Also not exactly true. The UK-France tax treaty provides for which types of pensions are taxable by the UK vs. which are subject to French taxes if the taxpayer is considered tax resident in France (either instead of or at the same time they are tax resident in the UK).


----------



## Santiago102 (Aug 31, 2018)

Many thanks for your rapid reply. But I am more confused.

According to French-Property.com, the three criteria for taxation are followed (on the website although possibly not in the french Law)— “In order to assist with the determination of residency status the general rule that is applied is that if you spend *183 days* per calendar year in France then you are deemed to be resident.” Under *ii. Main Residence in France*, the Website states that—*“*You will be resident in France if you live in France for at least six months of the year. This rule does not require that you live in a permanent home you have in France, but that you are merely on French soil for six months of the year.”

Have they got this wrong? We have a house in France and pay both standard taxes for it but it is not our primary residence (which is in Lancashire). I am not sure that I follow the comment about the dual taxation. Does this mean that I should be very careful not to overstay the six months? Or am I OK just to go anyway, without any worries about tax?


----------



## Bevdeforges (Nov 16, 2007)

In French law, if you spend at least 183 days in a single calendar year in France, you are presumed to be tax resident in France. (Basically under the idea that your "primary" residence is thus in France.) There are ways that you can argue this but due to the "presumption" the burden falls on you to show why you are NOT tax resident under those circumstances. Simply maintaining a house or a mailing address in the UK isn't sufficient to claim tax residence there - or rather isn't sufficient to rule out your being tax resident in France. But the 183 days presence isn't in and of itself proof of tax residence.

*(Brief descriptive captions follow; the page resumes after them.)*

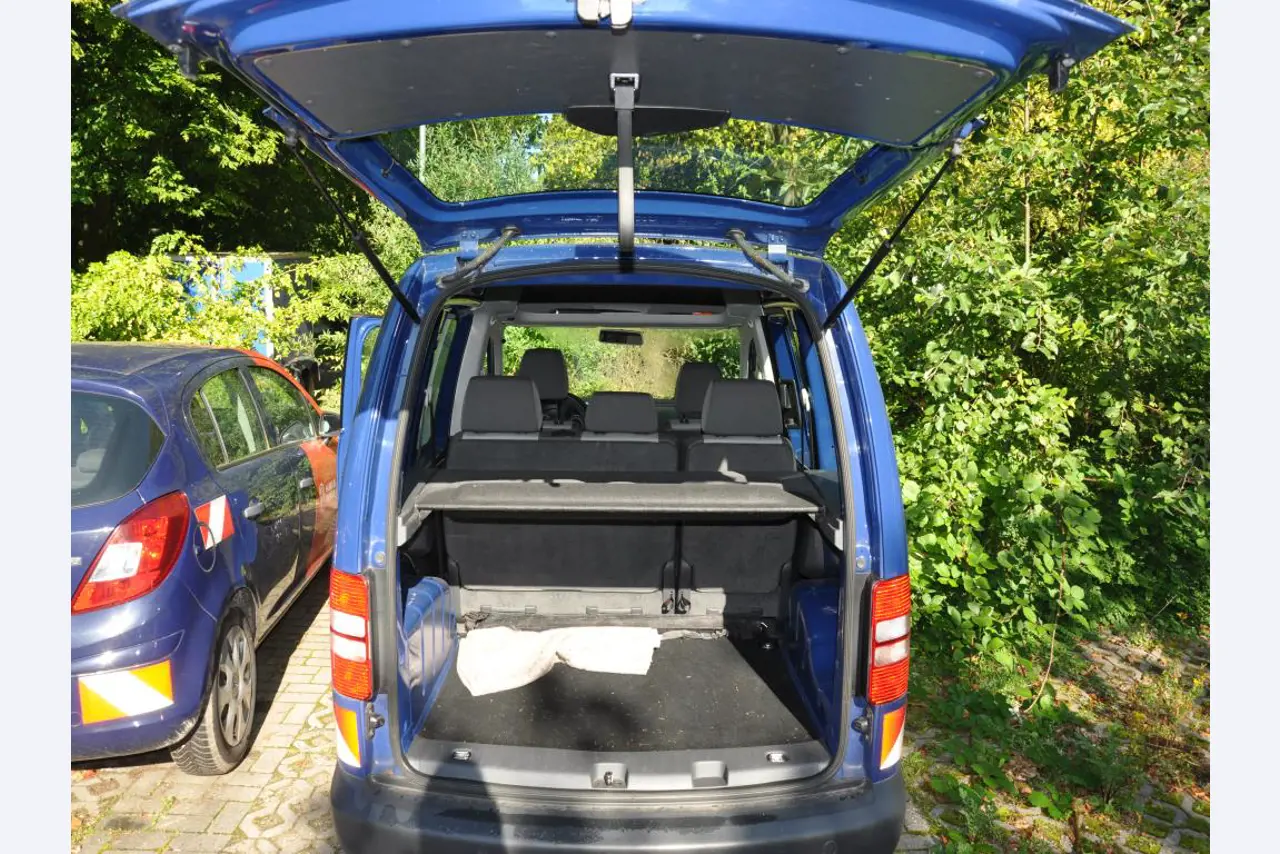 Equipamento de laboratório de alta qualidade para o abastecimento municipal de água-9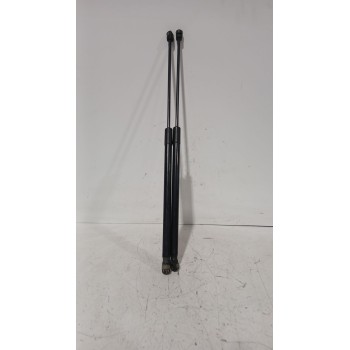 Recambio de amortiguadores maletero / porton para opel corsa d (s07) 1.3 cdti (l08, l68) referencia OEM IAM 7597830245N  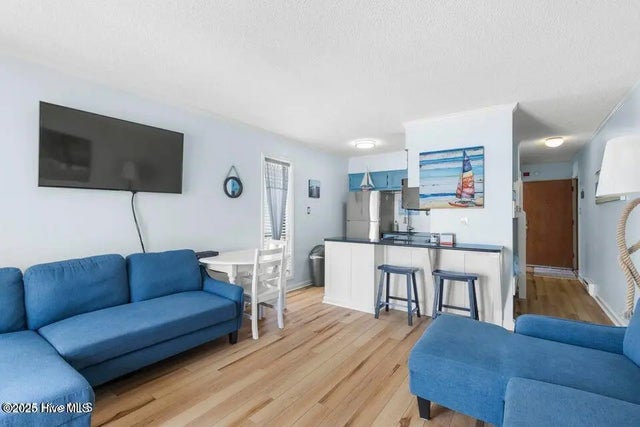 2182 New River Inlet Road Unit 279, North Topsail Beach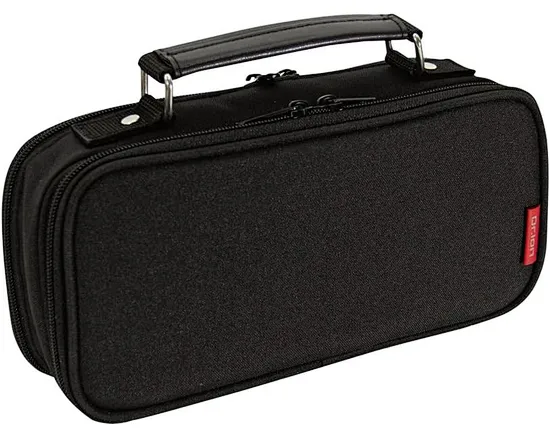 Utility Case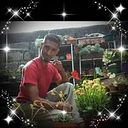 Josue Toval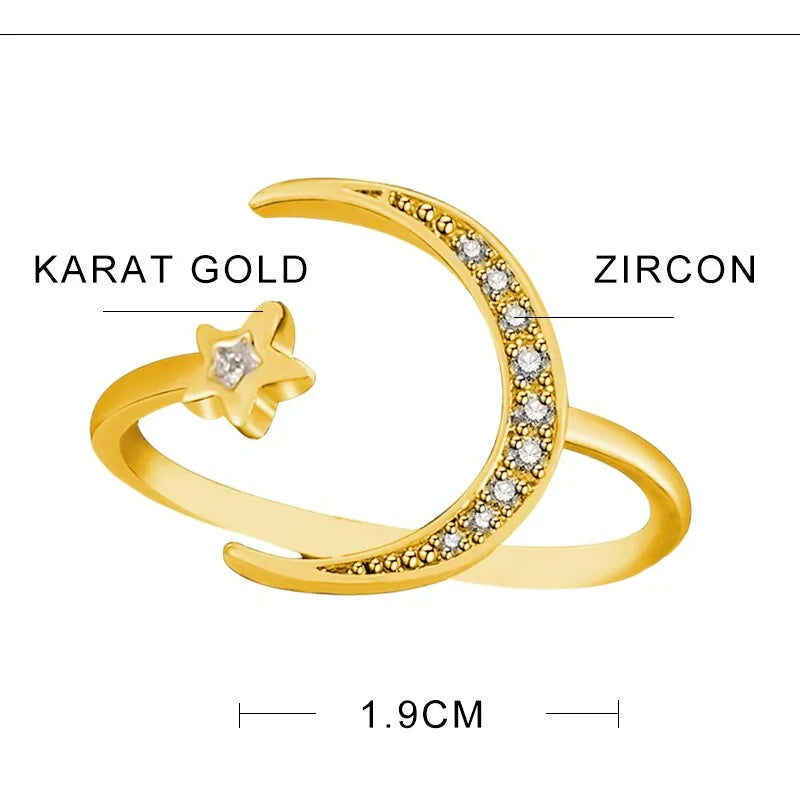 Flower and Bee Matching Ring WEM Support (www.WEM.support)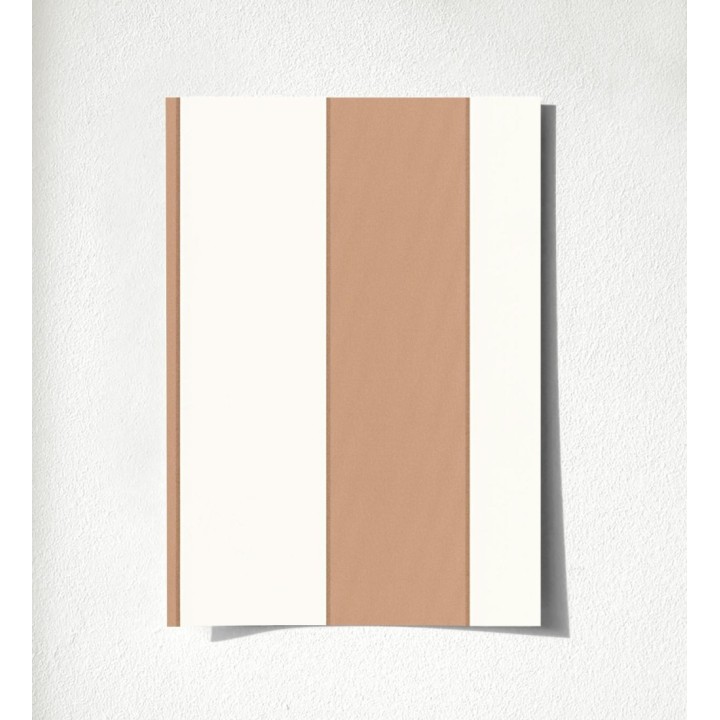 Diana Stripes 500682584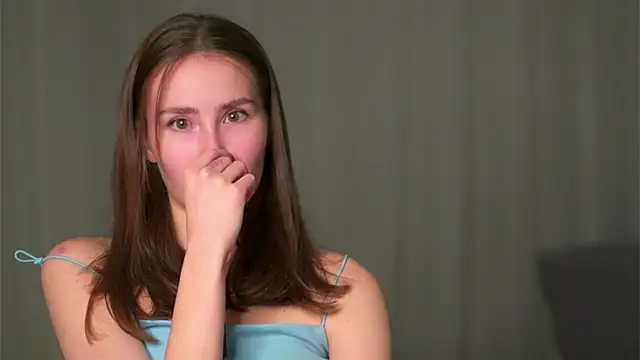 MonetLeitman online show from 8, 11, 2025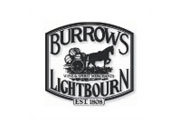 Burrows Lightbourn Ltd., Head Office & Warehouse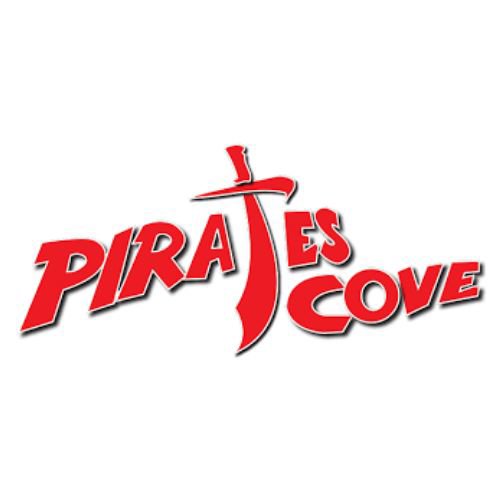 Pirates Cove Courtown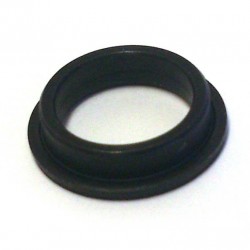 CD Top Hat Washer for BMX 3 Piece Crankset – 19mm CD Top Hat Washer for BMX 3 Piece Crankset – 19mm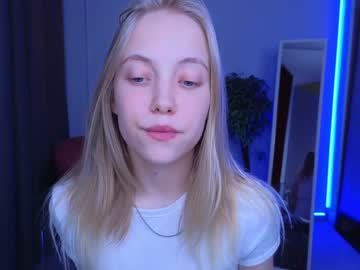 female cam girl appr0ved image #3555131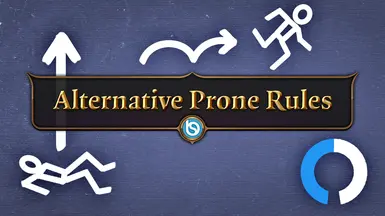 Mod Thumbnail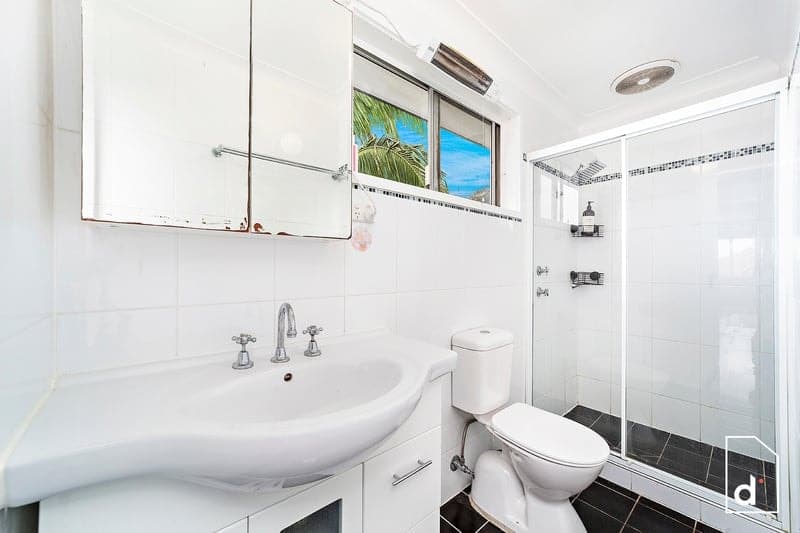 50 Popes Road, Woonona, NSW 2517, Woonona - Thumbnail 7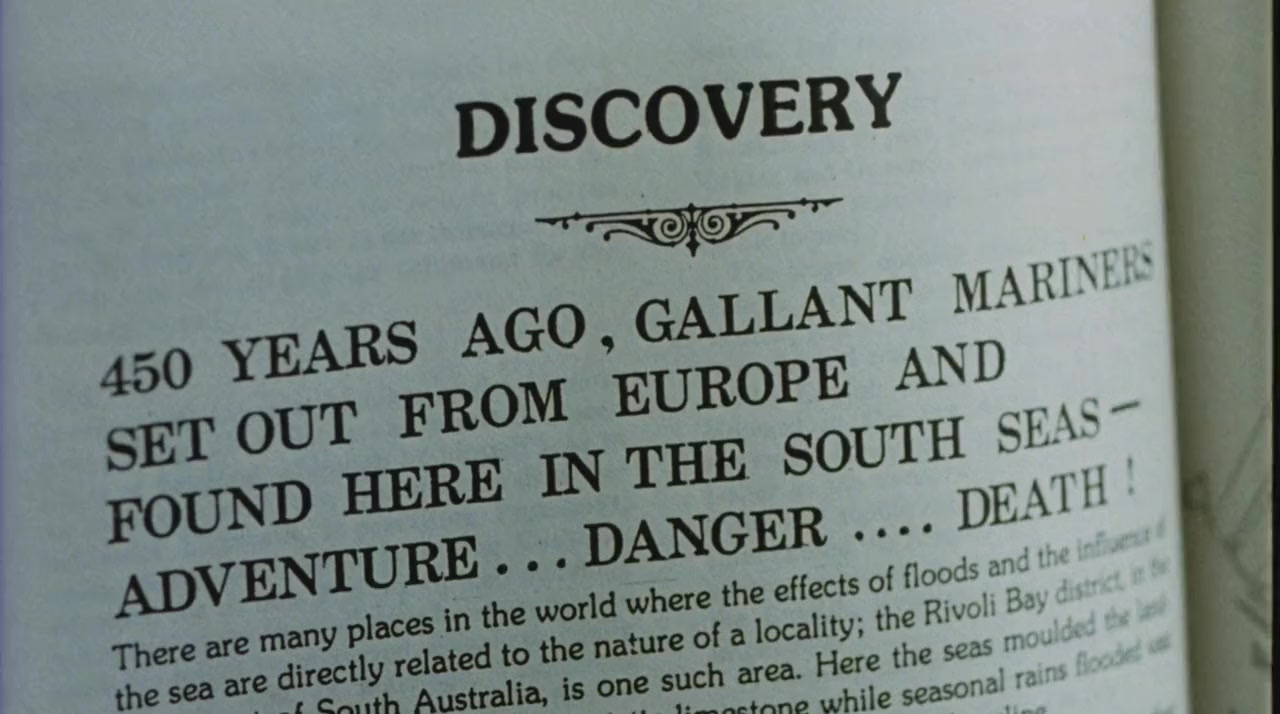 Sweet Talker screenshot 3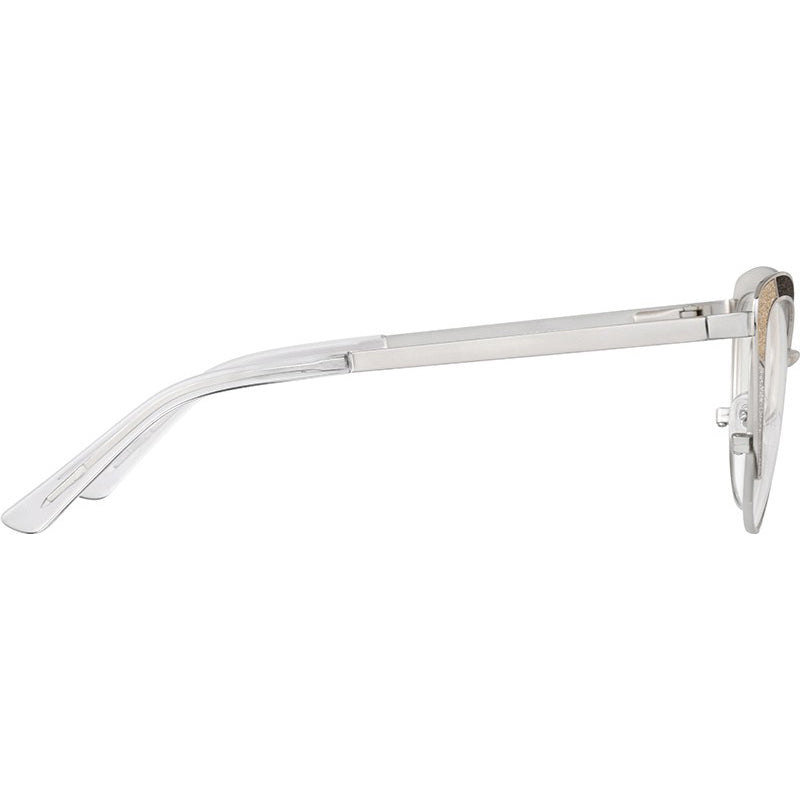 Cateye Brillen O2773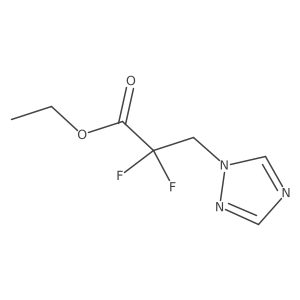 2114162-23-9 structure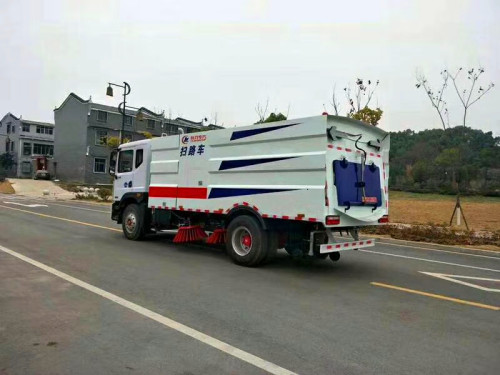 ��������CLW5180TXS6��ϴ��܇-�|�L(f��ng)18��ϴ��܇�S��ֱ�N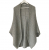 Opus Poncho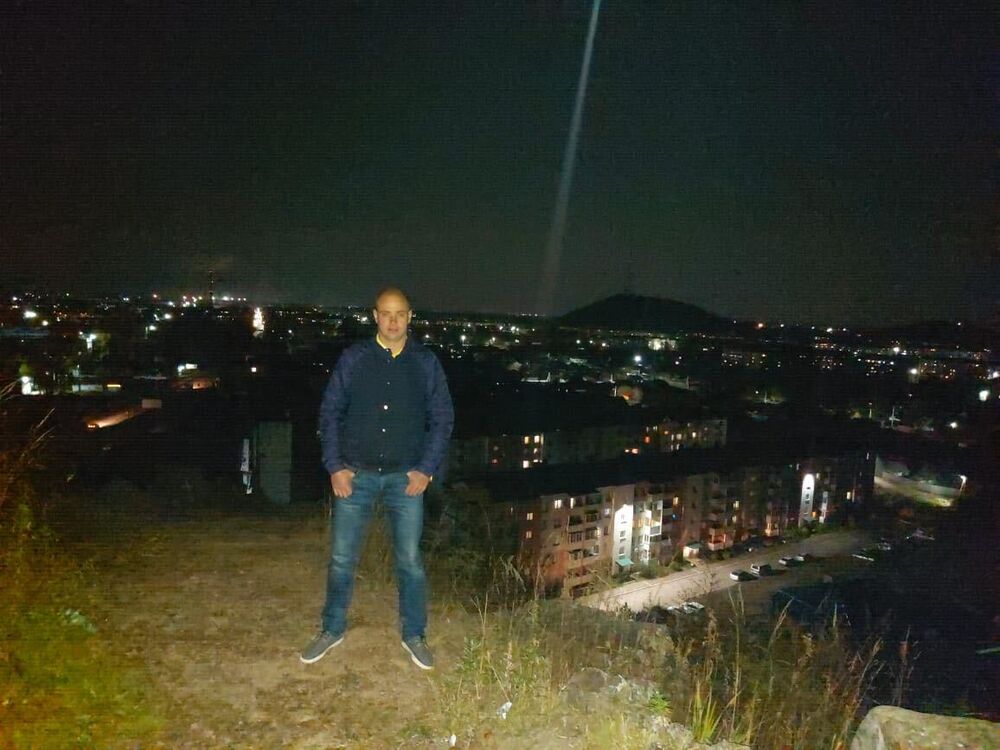 ���� 35115092 ������� �����, 26 ���, ���� ���������� � ��������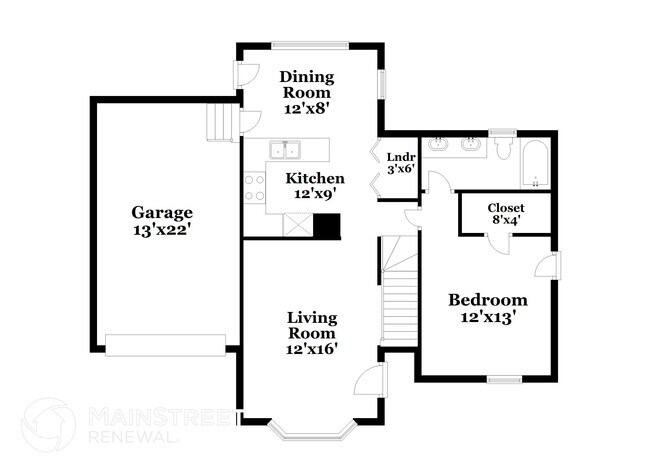 Photo - 108 Scotts Creek Cir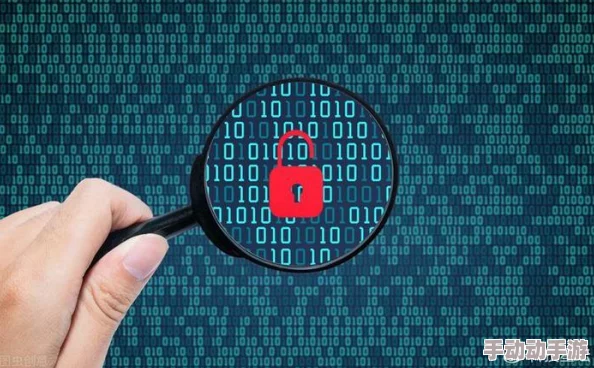 老狼信息网金属加工网优质遭遇黑客攻击,数万用户数据泄露引发广泛恐慌! 老狼信息网金属加工网优质遭遇黑客攻击,数万用户数据泄露引发广泛恐慌!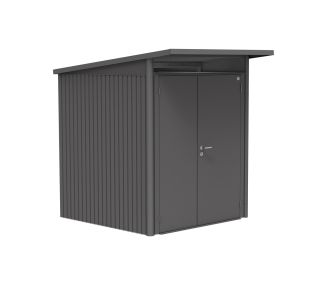 180X220X218 CM AVANTGARDE DVOJNA VRATA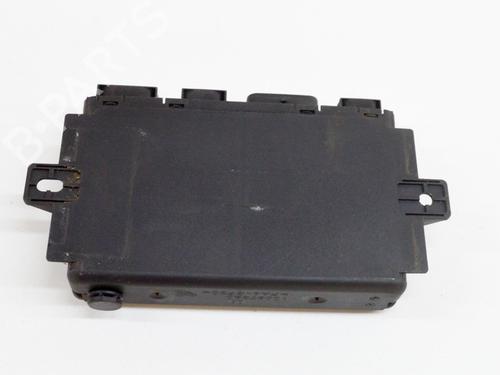 Electronic module BMW i3 (I01) Range Extender | BP13928410M83 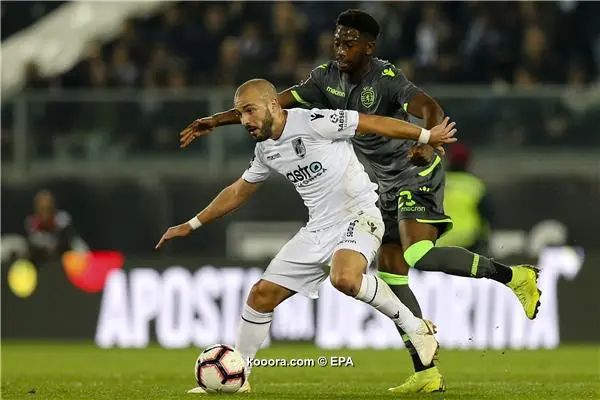 ?i=epa%2fsoccer%2f2018-12%2f2018-12-23%2f2018-12-23-07247061_epa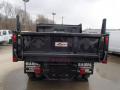 2013 F350 Super Duty XL Regular Cab 4x4 Dump Truck #7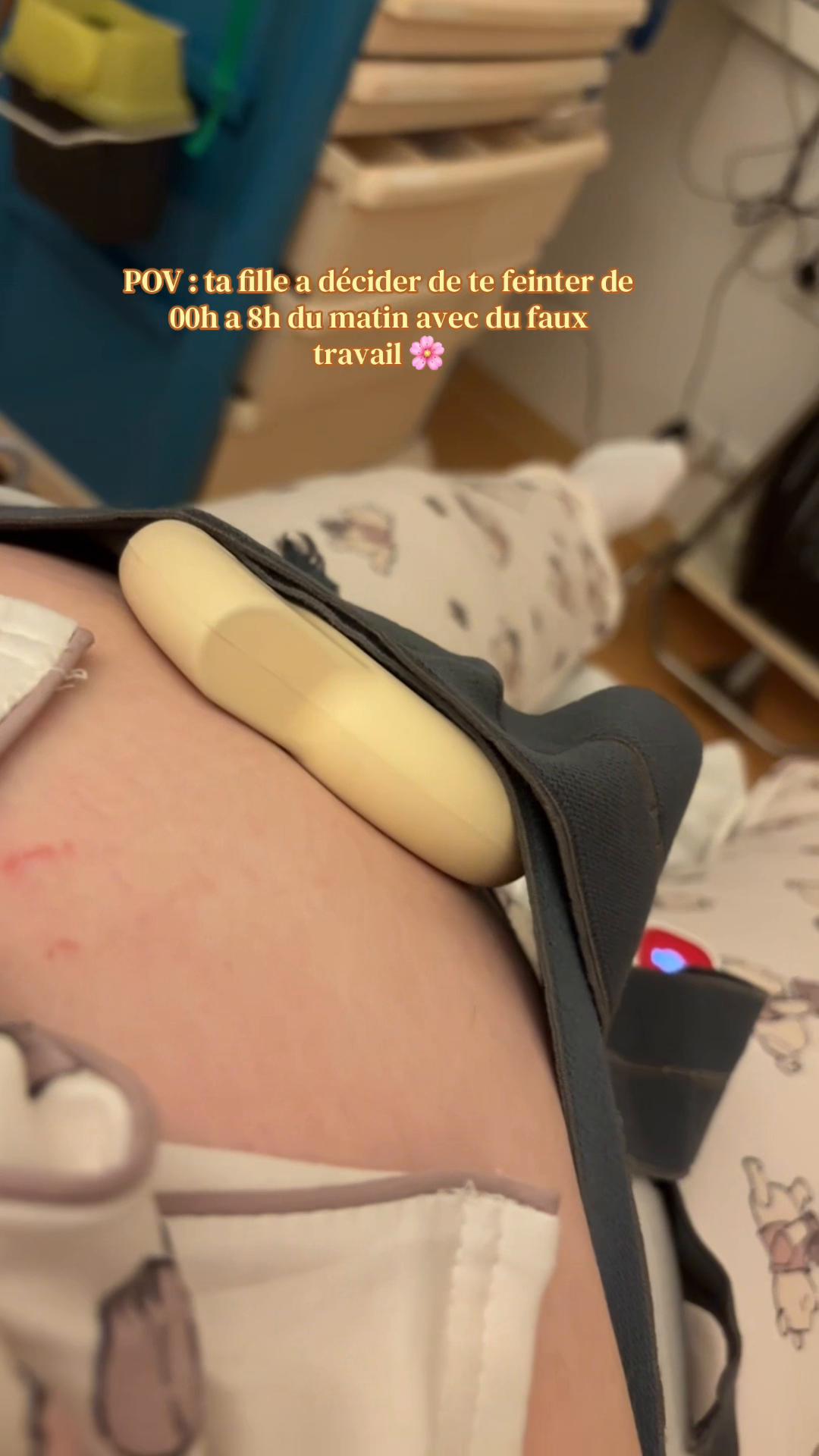 @audreypralinette_38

French law is more subtle than UK law. But in any event, you should take a look at the actual UK-France tax treaty as it explains in some detail which country gets first crack at each various type of income based on your tax residence.


----------



## Santiago102 (Aug 31, 2018)

Many thanks again. 

Of course, the presumption is the obvious one to make because most countries have a similar limit and so you can only be in one country as a resident for more than 183 days. It is only the UK with its rather odd residency rules (statutory residence test (SRT)) that allows a residency 'year' to add up to more than 365 days altogether. 

I suppose I could always take a chance on the basis that it is quite unlikely that my longer stay will be picked up, although, even with a visa, my passport will get stamped at Calais. The most cautious way to proceed is to keep our stay below 183 days, but I am not very happy with this. I will try to look at the treaty as you suggest. I have tried to email Service des Impôts des Particuliers Non-Résidents, TSA 10010, 10 rue du Centre, 93465 Noisy-le-Grand, Cedex (in French) but the email bounced back from [email protected], the email address I was given, probably because government offices change names and addresses as frequently in France as in the UK. I can write but that is a bit tedious, letters may not get there and the address may also be wrong. Phoning on such a complex (although basically trivial) issue needs French above my competence apart from the often poor quality of lines these days. However, my wife reminds me that we have French friends, one of whom works in a local tax office - and she may be able to advise me as to how to process this. I will post about any responses.


----------



## Bevdeforges (Nov 16, 2007)

I do think you're looking at this from the wrong angle. If you split your time between two or more countries, you don't get to choose which one you would rather pay your taxes to. There are rules and laws that apply and in the end you could wind up paying taxes to both or all countries, based on your particular circumstances. The relevant tax treaties only offer to let you *avoid* double taxation, not that you will fully eliminate it altogether.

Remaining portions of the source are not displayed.